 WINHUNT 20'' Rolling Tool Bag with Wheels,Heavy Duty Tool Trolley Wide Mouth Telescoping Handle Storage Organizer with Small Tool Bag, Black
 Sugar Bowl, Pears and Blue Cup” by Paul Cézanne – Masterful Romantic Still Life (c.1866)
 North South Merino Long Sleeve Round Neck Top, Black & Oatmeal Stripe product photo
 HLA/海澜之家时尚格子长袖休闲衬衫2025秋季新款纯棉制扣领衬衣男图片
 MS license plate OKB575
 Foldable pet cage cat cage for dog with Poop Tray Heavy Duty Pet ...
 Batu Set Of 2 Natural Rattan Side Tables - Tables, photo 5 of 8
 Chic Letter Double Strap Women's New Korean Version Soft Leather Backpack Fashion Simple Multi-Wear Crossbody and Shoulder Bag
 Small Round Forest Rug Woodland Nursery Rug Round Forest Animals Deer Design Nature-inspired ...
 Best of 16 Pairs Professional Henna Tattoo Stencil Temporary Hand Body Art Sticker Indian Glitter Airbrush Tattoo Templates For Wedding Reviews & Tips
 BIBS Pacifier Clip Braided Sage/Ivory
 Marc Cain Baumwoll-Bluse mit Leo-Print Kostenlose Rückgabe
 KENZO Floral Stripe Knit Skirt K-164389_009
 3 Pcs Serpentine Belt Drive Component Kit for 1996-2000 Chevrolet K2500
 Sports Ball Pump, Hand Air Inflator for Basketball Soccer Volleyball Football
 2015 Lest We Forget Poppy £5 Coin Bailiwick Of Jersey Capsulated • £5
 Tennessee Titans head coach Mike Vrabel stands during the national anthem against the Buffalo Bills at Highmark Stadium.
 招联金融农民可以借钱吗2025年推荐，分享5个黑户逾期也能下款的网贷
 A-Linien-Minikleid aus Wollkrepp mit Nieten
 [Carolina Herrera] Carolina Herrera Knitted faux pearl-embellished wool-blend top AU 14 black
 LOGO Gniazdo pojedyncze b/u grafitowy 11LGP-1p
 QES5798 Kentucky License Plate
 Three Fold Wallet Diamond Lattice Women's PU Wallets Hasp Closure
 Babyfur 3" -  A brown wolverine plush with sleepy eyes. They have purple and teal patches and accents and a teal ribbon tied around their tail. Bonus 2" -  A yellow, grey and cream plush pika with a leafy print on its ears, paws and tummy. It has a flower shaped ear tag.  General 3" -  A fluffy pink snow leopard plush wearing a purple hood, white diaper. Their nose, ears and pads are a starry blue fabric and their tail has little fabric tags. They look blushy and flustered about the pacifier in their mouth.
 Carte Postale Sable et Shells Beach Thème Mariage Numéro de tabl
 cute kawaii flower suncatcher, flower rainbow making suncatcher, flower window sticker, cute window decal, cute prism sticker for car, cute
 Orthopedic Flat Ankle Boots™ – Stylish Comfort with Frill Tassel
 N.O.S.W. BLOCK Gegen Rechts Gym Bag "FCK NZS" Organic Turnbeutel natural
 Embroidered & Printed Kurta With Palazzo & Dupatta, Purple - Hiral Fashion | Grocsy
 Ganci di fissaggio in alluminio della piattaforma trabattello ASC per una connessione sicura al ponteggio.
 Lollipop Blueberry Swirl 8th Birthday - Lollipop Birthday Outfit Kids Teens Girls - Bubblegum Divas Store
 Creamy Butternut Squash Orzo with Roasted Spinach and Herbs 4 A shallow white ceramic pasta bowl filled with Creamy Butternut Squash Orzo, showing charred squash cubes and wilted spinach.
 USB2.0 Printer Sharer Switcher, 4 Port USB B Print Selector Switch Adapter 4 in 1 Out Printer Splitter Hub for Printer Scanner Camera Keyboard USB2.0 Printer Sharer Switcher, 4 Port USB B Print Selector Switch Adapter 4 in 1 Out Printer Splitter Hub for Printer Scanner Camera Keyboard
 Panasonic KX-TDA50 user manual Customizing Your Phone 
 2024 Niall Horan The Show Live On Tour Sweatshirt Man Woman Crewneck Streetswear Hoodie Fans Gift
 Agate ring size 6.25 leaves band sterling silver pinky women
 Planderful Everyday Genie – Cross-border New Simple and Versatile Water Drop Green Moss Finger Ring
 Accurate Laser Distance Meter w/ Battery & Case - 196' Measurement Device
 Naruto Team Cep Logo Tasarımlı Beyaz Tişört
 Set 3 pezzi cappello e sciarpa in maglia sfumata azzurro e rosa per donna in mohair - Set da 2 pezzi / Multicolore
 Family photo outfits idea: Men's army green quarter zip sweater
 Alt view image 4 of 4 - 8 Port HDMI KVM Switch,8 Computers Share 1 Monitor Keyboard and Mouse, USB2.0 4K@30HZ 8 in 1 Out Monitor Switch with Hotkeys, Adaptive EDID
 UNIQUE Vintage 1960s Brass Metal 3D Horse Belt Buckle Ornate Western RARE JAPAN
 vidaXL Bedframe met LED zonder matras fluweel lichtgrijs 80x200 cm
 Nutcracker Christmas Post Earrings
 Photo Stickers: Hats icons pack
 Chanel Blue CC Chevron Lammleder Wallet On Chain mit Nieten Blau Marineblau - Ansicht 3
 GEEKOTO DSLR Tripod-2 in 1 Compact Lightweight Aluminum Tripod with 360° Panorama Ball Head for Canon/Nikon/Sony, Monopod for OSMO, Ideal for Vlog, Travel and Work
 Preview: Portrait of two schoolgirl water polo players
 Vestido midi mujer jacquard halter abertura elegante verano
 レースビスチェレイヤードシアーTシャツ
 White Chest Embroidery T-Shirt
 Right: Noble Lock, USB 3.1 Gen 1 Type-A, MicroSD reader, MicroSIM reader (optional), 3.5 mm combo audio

Task goal
Say how many lines of the listing above include the word "Belt", giving the number alone.

Output of the exercise
2